▶ _Exercise_: Please write out only the lines from the line with "Windjammer: Row Of Back Ends Of Cannons From" to the line with "Brixton Linwood Hoodie Black/Mustard", inclusive, exactly as they stand below, without the pictures.

▶ _Entries provided_:
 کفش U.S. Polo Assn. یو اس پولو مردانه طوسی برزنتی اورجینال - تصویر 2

* * *

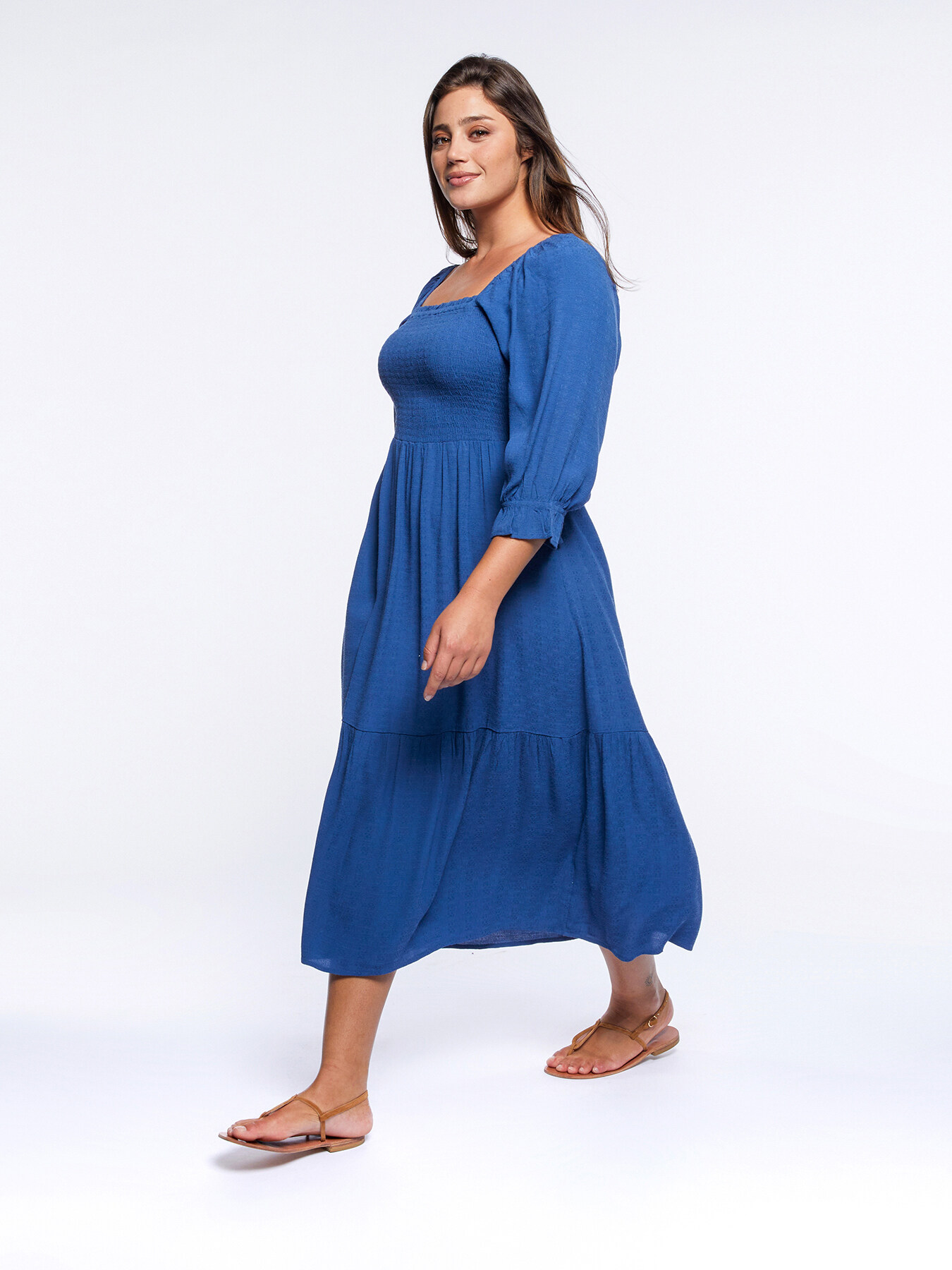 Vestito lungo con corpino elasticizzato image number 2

==

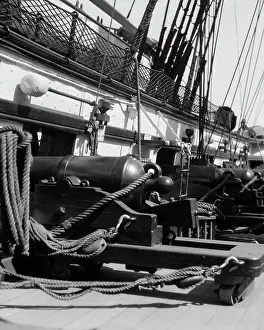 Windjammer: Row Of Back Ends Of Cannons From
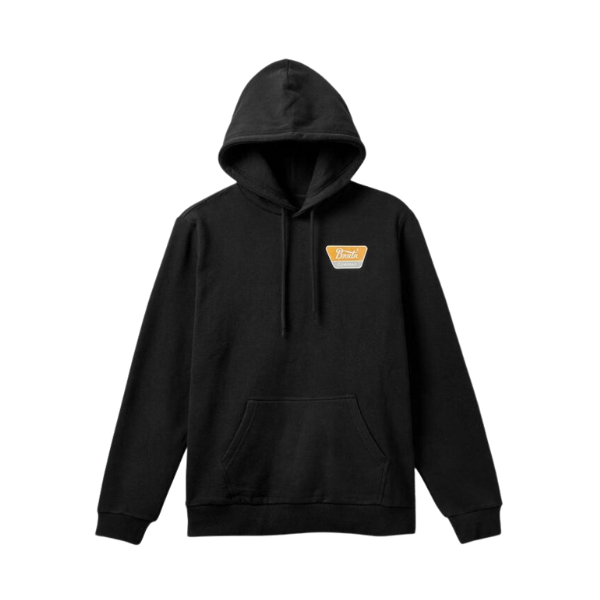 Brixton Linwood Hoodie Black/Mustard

▶ _Output below_:
 Windjammer: Row Of Back Ends Of Cannons From
 Brixton Linwood Hoodie Black/Mustard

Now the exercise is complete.